Readers of The Shadows, the first book in the Books of Elsewhere series, will find familiar ideas here, including talking cats, magical paintings that Olive can travel in and out of, and witches who want their house back. Olive thought she had heard the last of the McMartins, the evil witches who lived in the mansion before her family moved in -- and whom she faced off in the first installment. But when the 11-year-old misfit finds their spellbook, she becomes obsessed with its power, hating to be away from the book and even sleeping with it at night. Suddenly, she is making many bad choices, including experimenting with a spell, betraying her talking feline friends, and forgetting to help her friend Morton, who's still trapped in a painting in her house and quite lonely. Then, she unearths the spirit of Annabelle McMartin from its shallow grave.

Is it any good?

As in The Shadows, there are plenty of creepy details about the haunted house, magical ideas, and fun dialogue from the talking cats to please series fans.
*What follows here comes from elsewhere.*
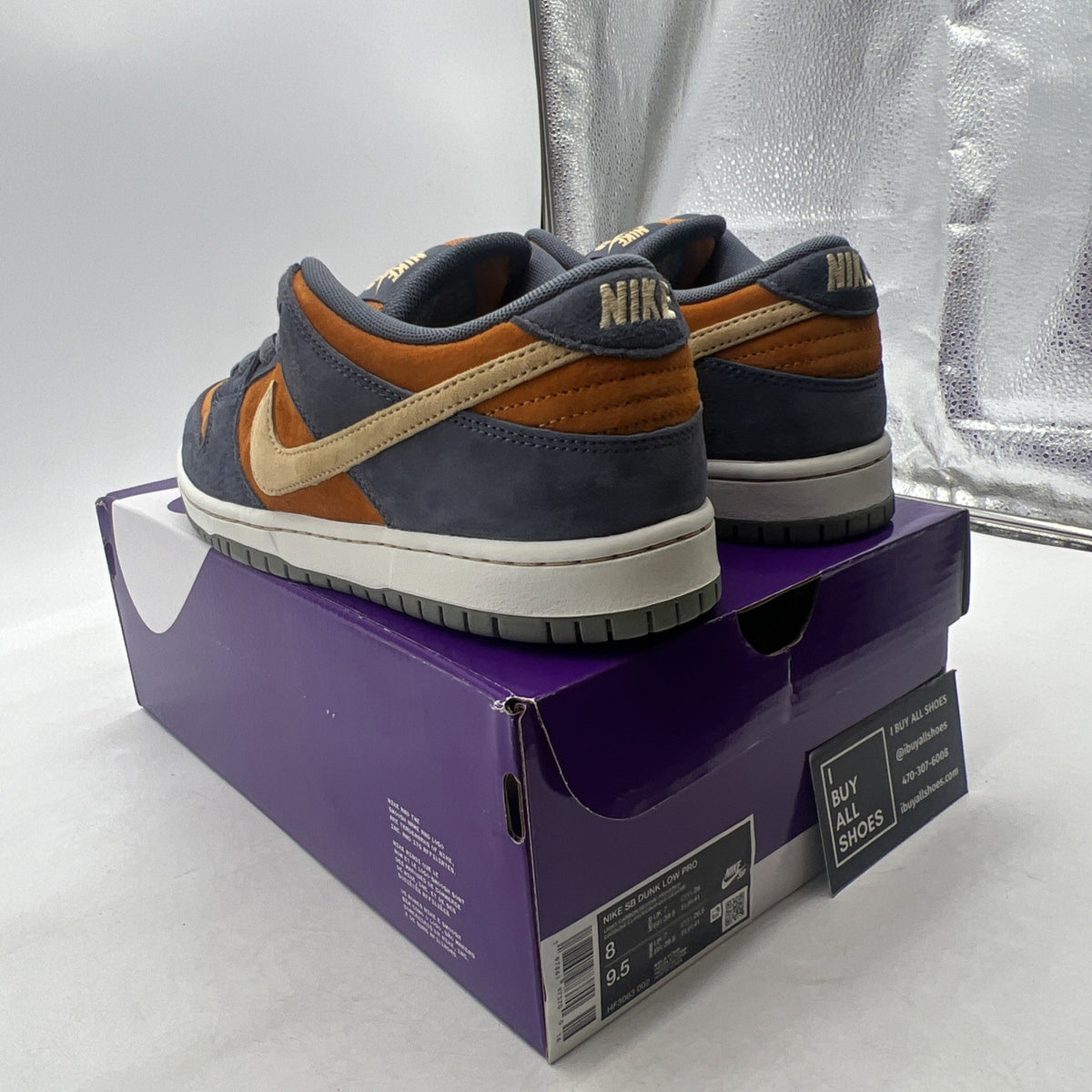 Size 8 - Nike Dunk SB Low Light Carbon Monarch (HF3063-002)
Readers will appreciate that Books of Elsewhere author Jacqueline West gives this volume a distinct story. Here, Olive becomes obsessed with doing magic herself and starts becoming like the evil McMartins. This plays well with themes raised in the first book: Misfit Olive wants a place to belong, and often forgets her loved ones and makes bad choices in the process. These are themes that even non-magical tweens can certainly relate to.

Also, readers might be too caught up in the adventure leading up to a tense final faceoff to notice the lyrical language, but author West is a an award-winning poet, and her writing is often quite beautiful. ("She floated like milkweed. Dewy breezes played with the ends of her hair.") Hopefully, readers will spend more time appreciating her prose when they reread this one. This is a volume they surely will want to read again and again.

Talk to your kids about ...

  • Families can talk about Olive's obsession with the spellbook and the impact her obsession has on the way she treats her friends. Does Olive's obsession with the book remind you of any other magical obsessions -- like, say, in The Lord of the Rings?

  • What does Olive's story demonstrate about how our obsessions with power (or popularity, money, etc.) cloud our judgment?

  • Is it different reading about violence -- even murder -- when it involves witches and spells than reading about more realistic violence and murder?